** Try it **
Both the line containing "Thumbnail: 2022 RAM 1500 Classic - 15" and the last line of the listing are included: write out exactly the lines from one to the other.
(Listed entries Opens)
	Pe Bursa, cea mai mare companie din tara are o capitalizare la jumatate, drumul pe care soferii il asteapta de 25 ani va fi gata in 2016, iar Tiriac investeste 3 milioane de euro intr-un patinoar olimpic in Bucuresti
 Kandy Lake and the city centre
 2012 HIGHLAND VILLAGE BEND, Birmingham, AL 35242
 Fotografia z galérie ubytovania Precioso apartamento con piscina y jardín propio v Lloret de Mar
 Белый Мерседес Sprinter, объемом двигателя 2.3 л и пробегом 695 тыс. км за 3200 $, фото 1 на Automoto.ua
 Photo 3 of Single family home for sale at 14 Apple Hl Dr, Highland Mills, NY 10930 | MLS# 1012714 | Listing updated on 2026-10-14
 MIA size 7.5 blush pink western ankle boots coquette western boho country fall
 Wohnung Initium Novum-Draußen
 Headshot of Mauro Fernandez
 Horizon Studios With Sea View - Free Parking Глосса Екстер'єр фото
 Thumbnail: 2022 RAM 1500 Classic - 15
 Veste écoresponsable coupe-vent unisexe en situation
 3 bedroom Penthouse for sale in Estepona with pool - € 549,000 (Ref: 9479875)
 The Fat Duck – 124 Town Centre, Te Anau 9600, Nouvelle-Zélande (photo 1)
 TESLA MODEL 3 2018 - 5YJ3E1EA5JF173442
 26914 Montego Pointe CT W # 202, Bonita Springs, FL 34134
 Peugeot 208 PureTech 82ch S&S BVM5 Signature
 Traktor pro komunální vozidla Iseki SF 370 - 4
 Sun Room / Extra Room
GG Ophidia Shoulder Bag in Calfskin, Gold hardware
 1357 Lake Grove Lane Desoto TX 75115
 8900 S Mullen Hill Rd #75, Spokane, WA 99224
(Listed entries Closes)
** Answer box **
 Thumbnail: 2022 RAM 1500 Classic - 15
 Veste écoresponsable coupe-vent unisexe en situation
 3 bedroom Penthouse for sale in Estepona with pool - € 549,000 (Ref: 9479875)
 The Fat Duck – 124 Town Centre, Te Anau 9600, Nouvelle-Zélande (photo 1)
 TESLA MODEL 3 2018 - 5YJ3E1EA5JF173442
 26914 Montego Pointe CT W # 202, Bonita Springs, FL 34134
 Peugeot 208 PureTech 82ch S&S BVM5 Signature
 Traktor pro komunální vozidla Iseki SF 370 - 4
 Sun Room / Extra Room
GG Ophidia Shoulder Bag in Calfskin, Gold hardware
 1357 Lake Grove Lane Desoto TX 75115
 8900 S Mullen Hill Rd #75, Spokane, WA 99224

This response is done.